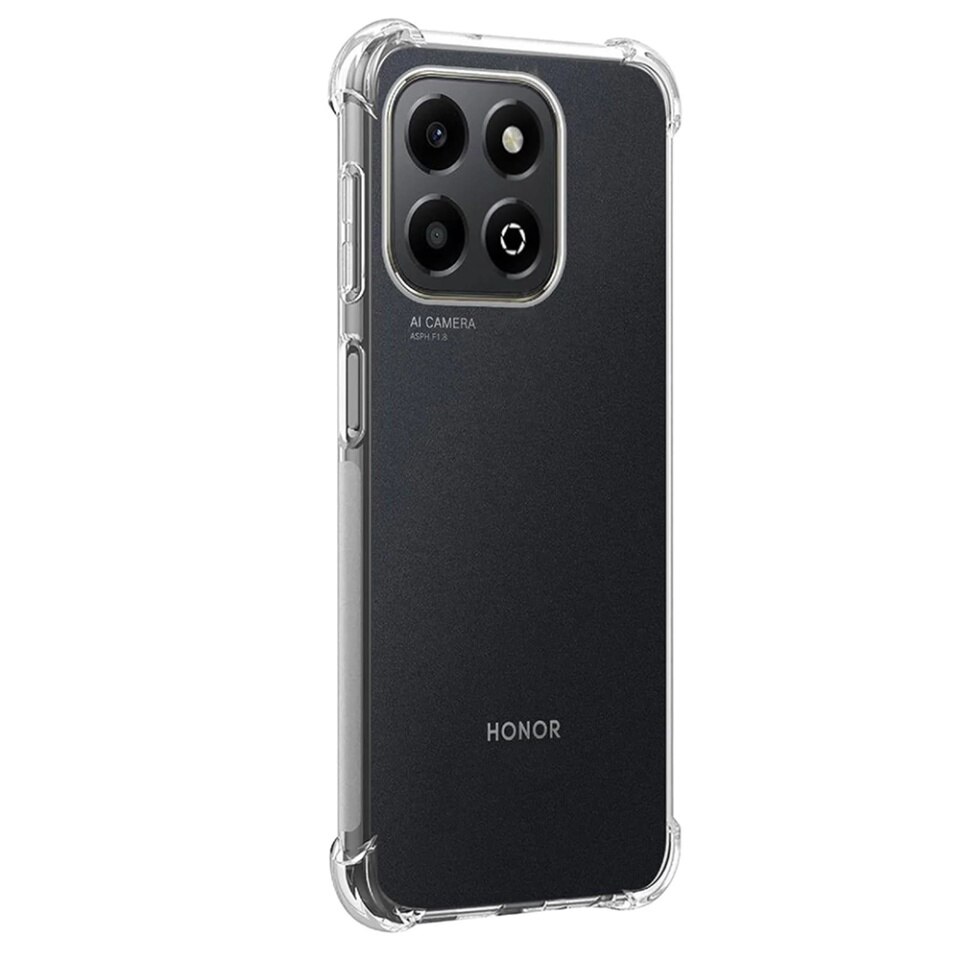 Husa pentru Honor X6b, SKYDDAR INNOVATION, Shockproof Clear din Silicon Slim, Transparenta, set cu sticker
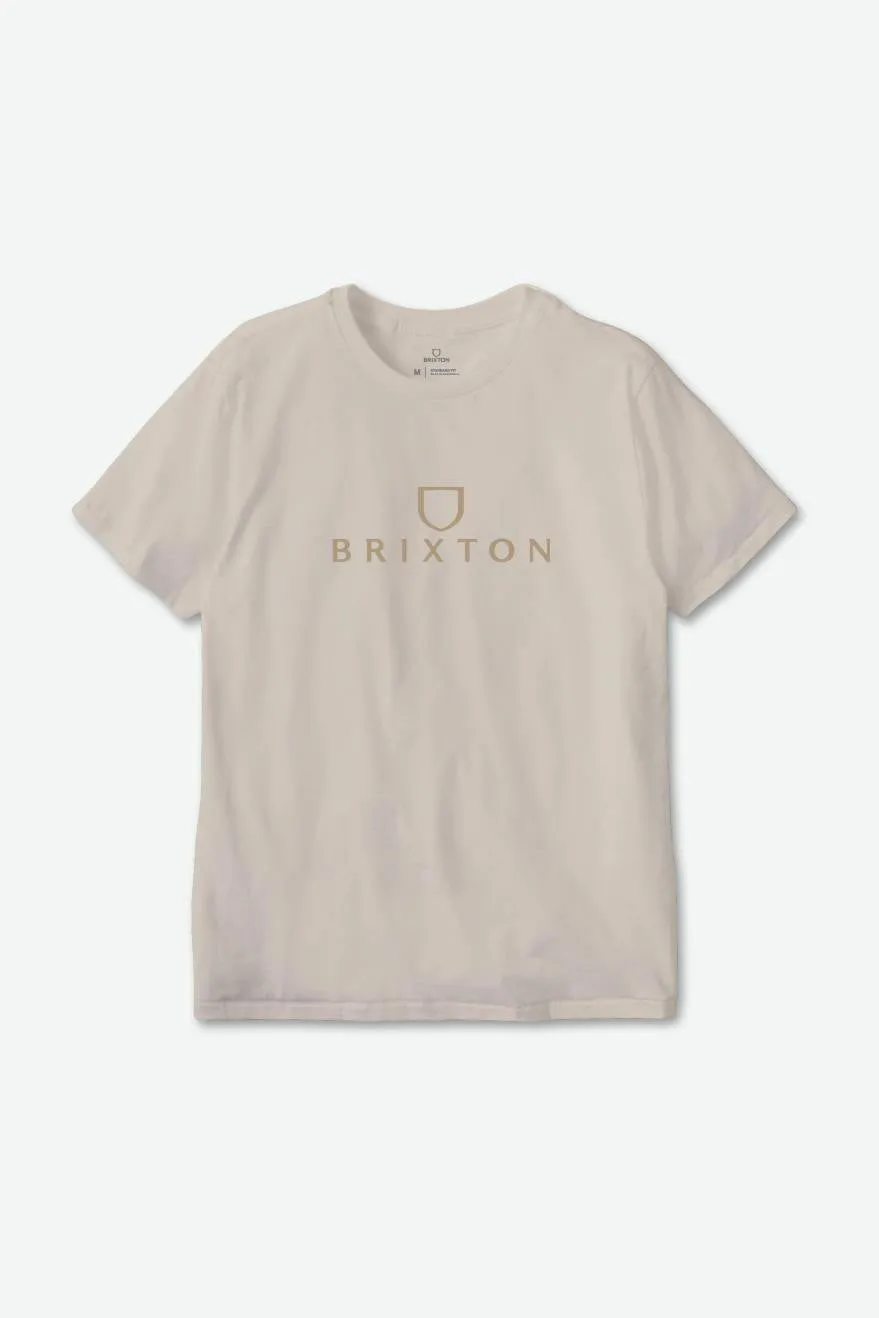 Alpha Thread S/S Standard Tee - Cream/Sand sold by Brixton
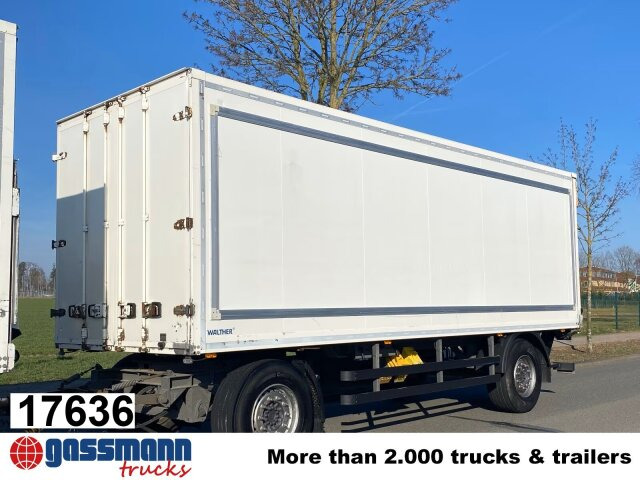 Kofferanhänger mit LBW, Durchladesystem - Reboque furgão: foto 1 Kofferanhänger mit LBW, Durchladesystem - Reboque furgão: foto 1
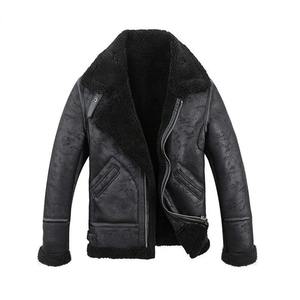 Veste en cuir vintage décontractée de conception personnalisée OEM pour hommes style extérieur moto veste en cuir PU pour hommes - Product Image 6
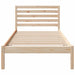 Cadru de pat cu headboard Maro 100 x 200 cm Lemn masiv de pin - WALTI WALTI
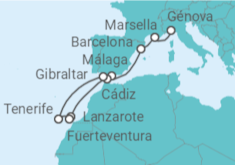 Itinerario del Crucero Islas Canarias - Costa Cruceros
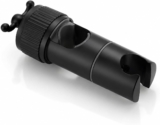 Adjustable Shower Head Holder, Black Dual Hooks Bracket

--------------------------------

> **TASK INSTRUCTIONS**
Give back the full listing verbatim, skipping each picture.

> **OUTPUT FOR THIS TASK**
 Husa pentru Honor X6b, SKYDDAR INNOVATION, Shockproof Clear din Silicon Slim, Transparenta, set cu sticker
 Alpha Thread S/S Standard Tee - Cream/Sand sold by Brixton
 Kofferanhänger mit LBW, Durchladesystem - Reboque furgão: foto 1 Kofferanhänger mit LBW, Durchladesystem - Reboque furgão: foto 1
 Veste en cuir vintage décontractée de conception personnalisée OEM pour hommes style extérieur moto veste en cuir PU pour hommes - Product Image 6
 Cadru de pat cu headboard Maro 100 x 200 cm Lemn masiv de pin - WALTI WALTI
 Itinerario del Crucero Islas Canarias - Costa Cruceros
 Adjustable Shower Head Holder, Black Dual Hooks Bracket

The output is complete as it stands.